More Evidence of Biases Against Men than Against Women in Faculty Hiring
A Compendium of All Experimental Studies of Faculty Hiring
Summary Up Front
Far more and far better experimental studies find biases against men than against women in academic hiring. That’s the whole summary. Read on for the details
If you are an Unsafe Science Subscriber, you know that our reversal of a study finding biases against women in hiring by Science faculty was recently accepted for publication in a journal expressly designed to improve the rigor of psychological science. That is, it was no mere “replication failure” – though it was that. Our 3 studies found biases against hiring men.

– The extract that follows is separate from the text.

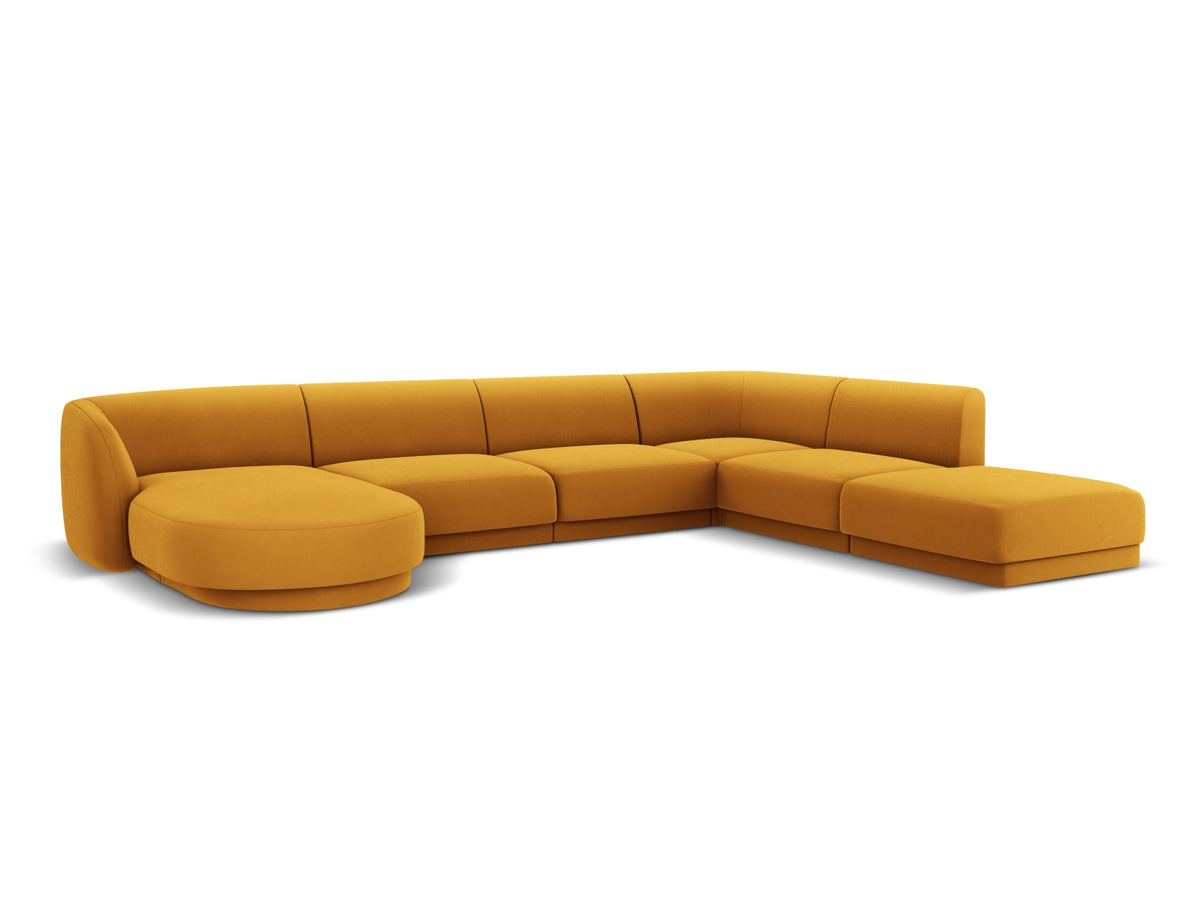 Miley Velour Panoramic Ecksofa rechts 6 Sitzer in Yellow-Bluvel präsentiert im Onlineshop von KAQTU Design AG. Ecksofa rechts ist von Micadoni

Given the intensity and dominance of the academic rhetoric about patriarchy, gender gaps in salary and STEM, the nearly monomaniacal emphasis on biases against women, and even outright delusions of biases against hiring women, one might wonder: “Well, what have other experimental studies of sex bias in hiring by faculty found?”
Glad you asked. In this post, I provide a compendium and brief summary of major findings of every experimental study assessing sex biases in academic hiring that I am aware of.[1] To be included here, the study needed to:
1. Have a sample of faculty as those making hiring judgments. So, studies of undergraduate or graduate students or laypeople are excluded.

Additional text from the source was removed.